2005-02-24 08:22:46

by Vivek Goyal

[permalink] [raw]
Subject: [PATCH] Fix for broken kexec on panic

Hi,

Kexec on panic is broken on i386 in 2.6.11-rc3-mm2 because of
re-organization of boot memory allocator initialization code. Primary
kernel does not boot if kexec is enabled and crashkernel=X@Y command
line parameter is passed. After re-organization, kexec is trying to call
reserve_bootmem before boot memory allocator has initialized.

This patch fixes the problem.

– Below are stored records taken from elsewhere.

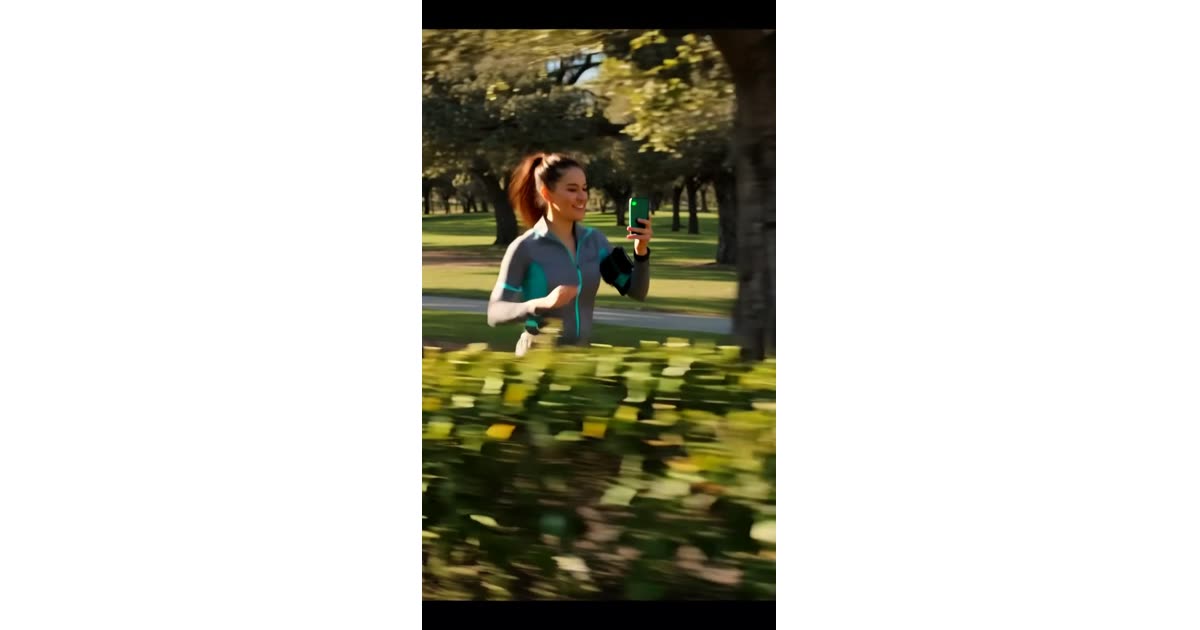 Tech meets nature in the park | Technology | Alexandra Trifan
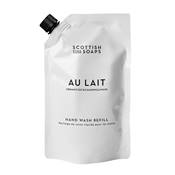 Recharge Savon Liquide Pour Les Mains Au Lait 1200ml - Scottish Fine Soaps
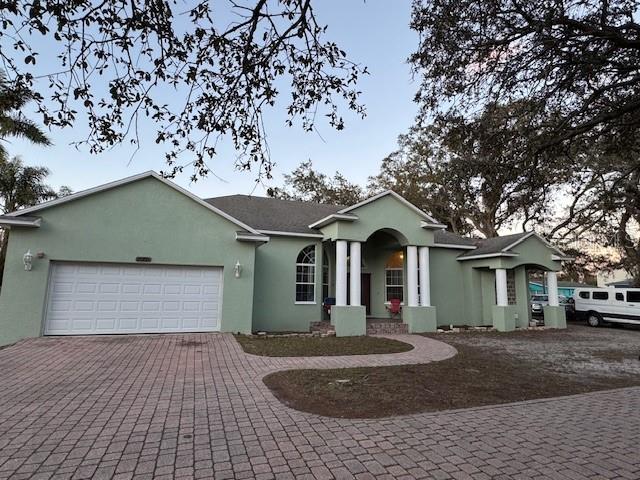 ACREAGE & UNREC PLAT - Residential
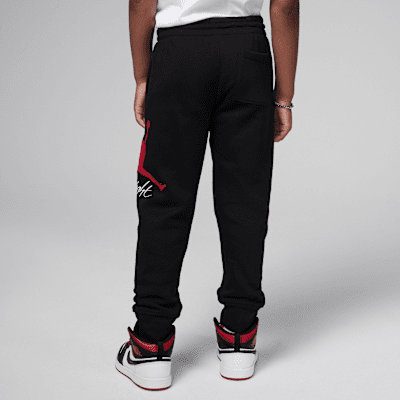 Pants Jumpman Baseline para niños de preescolar Jordan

I have moved the call to
reserved_bootmem() for kexec for both discontig and contig memory into
new setup_bootmem_allocator().

This patch has been generated against 2.6.11-rc4-mm1

Thanks
Vivek


Attachments:
kexec-reserve-bootmem-fix.patch (2.15 kB)

2005-02-24 09:13:38

by Andrew Morton

[permalink] [raw]
Subject: Re: [PATCH] Fix for broken kexec on panic

Vivek Goyal <[email protected]> wrote:
>
> Kexec on panic is broken on i386 in 2.6.11-rc3-mm2 because of
> re-organization of boot memory allocator initialization code.

OK...

Where are we up to with these patches, btw? Do you consider them
close-to-complete? Do you have a feel for what proportion of machines will
work correctly?

2005-02-24 12:19:04

by Maneesh Soni

[permalink] [raw]
Subject: Re: [Fastboot] Re: [PATCH] Fix for broken kexec on panic

On Thu, Feb 24, 2005 at 01:13:12AM -0800, Andrew Morton wrote:
> Vivek Goyal <[email protected]> wrote:
> >
> > Kexec on panic is broken on i386 in 2.6.11-rc3-mm2 because of
> > re-organization of boot memory allocator initialization code.
>
> OK...
>
> Where are we up to with these patches, btw? Do you consider them
> close-to-complete? Do you have a feel for what proportion of machines will
> work correctly?

After the rework of kexec patches, there is very minimal kernel code needed
for kdump and most of the code is in user space kexec-tools. The changes
needed in kexec-tools to load the crashdump kernel and generate ELF headers,
for x86 architecture are done and will be posted for comments today by Vivek.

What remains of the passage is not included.